A police officer's car that set on fire by a colleague inside Kakamega Police Lines.

Photo credit: Pool

Detectives in Kakamega are investigating an arson case involving a police officer who allegedly torched his female colleague’s car inside Kakamega Police Lines on Tuesday morning.

According to a police report, Constable Evans Kamau set ablaze the car, a Toyota Allion, using a matchstick and a mattress following a misunderstanding with the policewoman, said to be his neighbour at the station.

Constable Gladys Kimanzi, an officer attached to Kabras Traffic Base, reported that she had a misunderstanding with Mr Kamau at 9pm on Monday and he had walked out in huff with some of his belongings.

Hours later, the neighbourhood was woken up by flames of her car burning in the compound.

“Today August 1, 2023, at about 0230hrs, the said police Constable Evans Kamau deliberately set ablaze the complainant's motor vehicle…using a mattress and a matchstick,” the police report seen by the Nation reads in part.

Police officers within the station managed to put out the fire but the bonnet and the front part of the vehicle was extensively damaged by the fire.

The scene was processed and documented by scene of crime officers and two matchboxes were found in Mr Kamau’s possession and kept as exhibits.

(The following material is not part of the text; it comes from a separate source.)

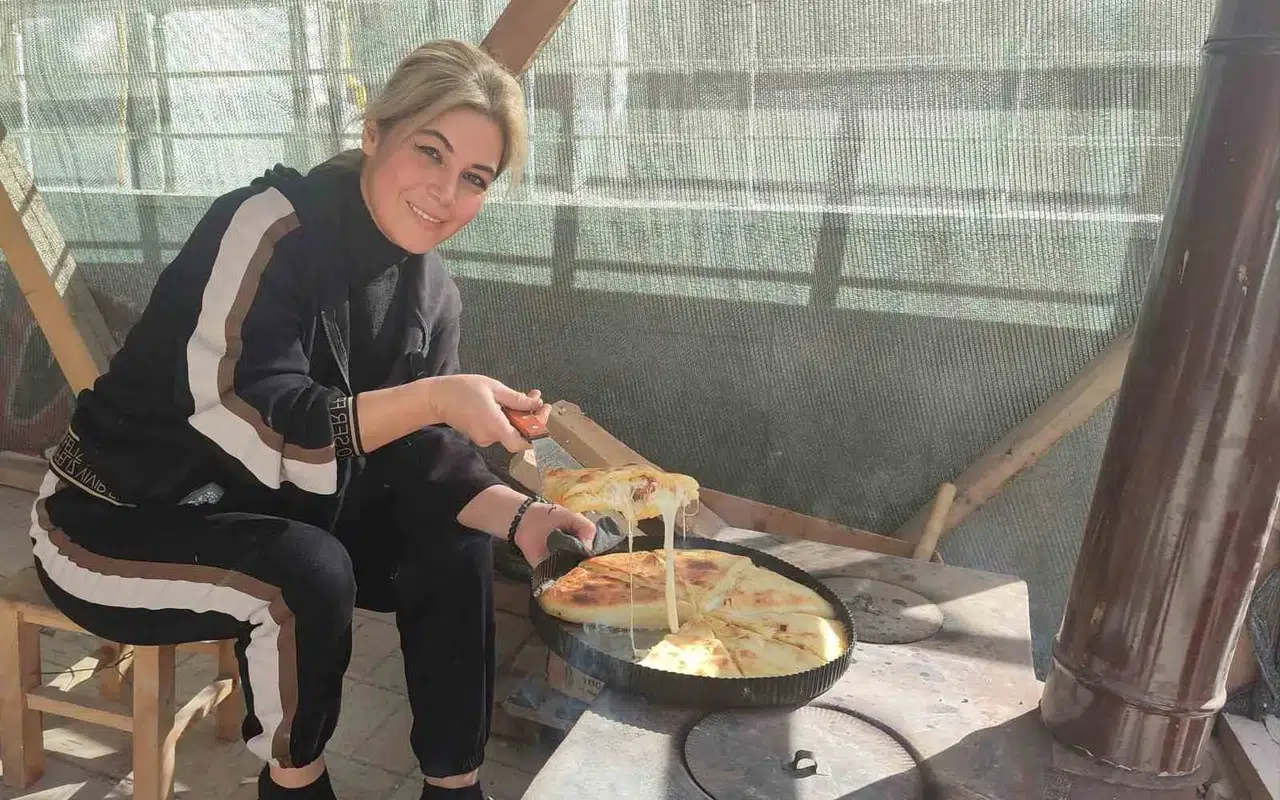 Zelzele Sonrası Odun Ateşinde Pişirdiği Kömbe Geçim Kaynağı Oldu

The officer, who appeared drunk, was arrested and is set to face arson charges.

The cause of the misunderstanding is yet to be revealed.

Similar past cases of police officers attacking their female colleagues revolved around love triangles even as research also linked such attacks and murders within the service to work-related trauma.

In January 2021, Constable Lawrence Ewoi from Kamukunji police station was shot dead near Burma market after killing his female colleague following a quarrel over undisclosed reasons.

The deceased had shot and killed Constable Maureen Achieng inside a police car as she and her colleagues prepared to go for night patrols at around 9.30pm.

The two had quarrelled over undisclosed reasons outside the police station before Constable Ewoi, who was armed with his G3 rifle, stepped back and opened fire at his colleague at close range as she sat in the vehicle. He then fled the scene.

Constable Achieng succumbed instantly from four bullet hits that also hit another officer in the left arm.

In April of the same year, 33-year-old Hudson Wasike, who worked as a General Service Unit officer seconded to former Interior Cabinet Secretary Fred Matiang’i’s security detail, shot his wife Pauline Wakasa, then a traffic officer, before killing himself. The incident following a suspected domestic quarrel.

The widely published incident and confessions by female police officers triggered a move by the Ministry of Interior to attempt to bar officers from having romantic affairs with each other as part of police reforms aimed at addressing rising cases of sexual harassment and gender-based violence within the police service.